*** Opening Dataset excerpt ***
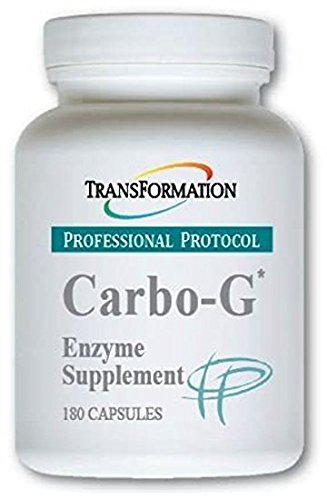TRANSFORMATION THE GENESIS OF GOOD HEALTH Enzymes Carbo-G High Potency Enzyme Blend Formula Supplement with Probiotics & Herbs, for Carbohydrate Breakdown, Nutrient Absorption, 180 Capsules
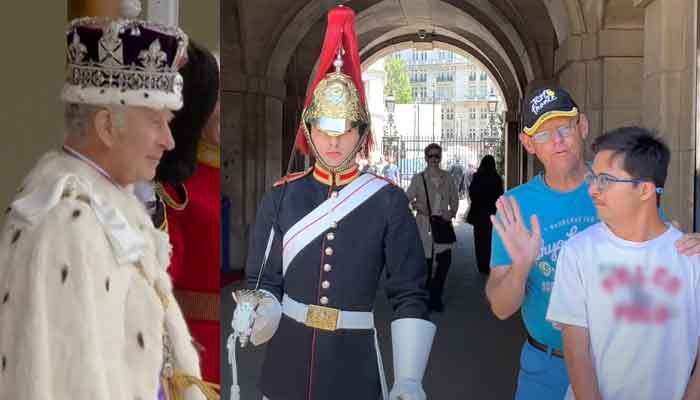 King Charles guards stunning video goes viral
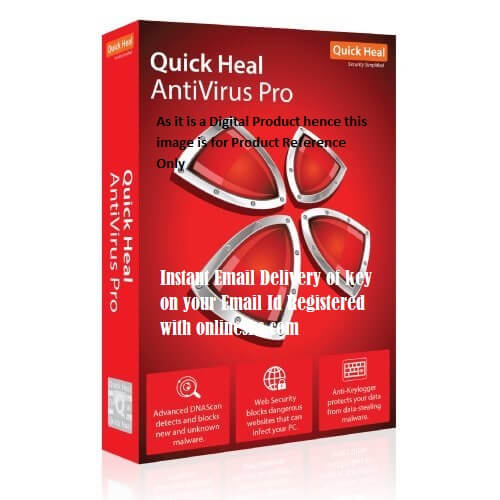 Quickheal® Antivirus Pro Windows (5pc) (Desktop) (1 year)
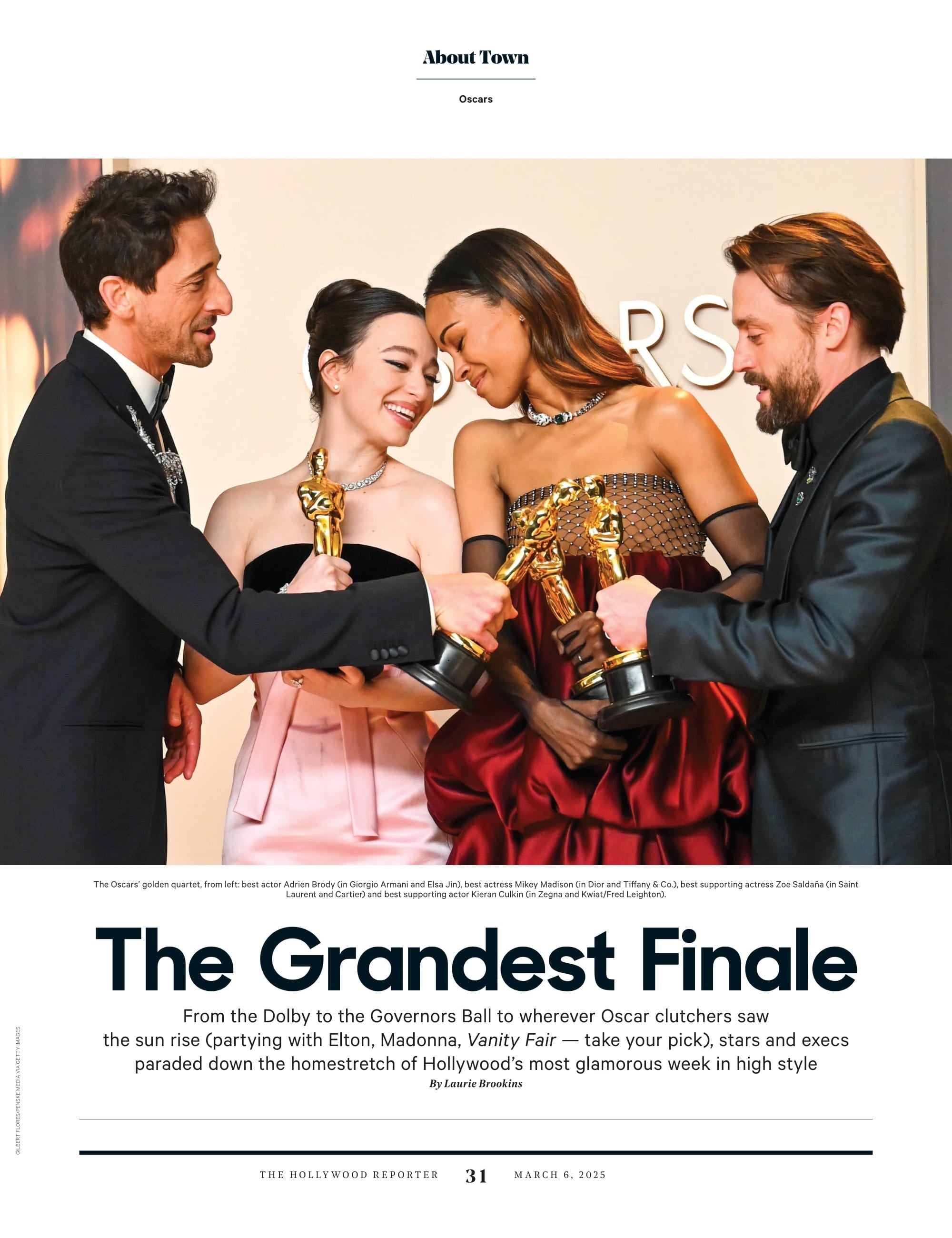 The Hollywood Reporter - 25.03.06 Edition: Power Stylists 2025 Featuring Zoe Saldãna & More! Oscars Drama, Red Carpet Fashion, Gene Hackman Tribute, Amanda Seyfried's Next Move, HBO’s Future & More!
*** Closing Dataset excerpt ***
Work order: All lines from the one containing "King Charles guards" to the last line of the data above, both included, should be printed exactly, and the pictures should not appear.

Finished exercise:
 King Charles guards stunning video goes viral
 Quickheal® Antivirus Pro Windows (5pc) (Desktop) (1 year)
 The Hollywood Reporter - 25.03.06 Edition: Power Stylists 2025 Featuring Zoe Saldãna & More! Oscars Drama, Red Carpet Fashion, Gene Hackman Tribute, Amanda Seyfried's Next Move, HBO’s Future & More!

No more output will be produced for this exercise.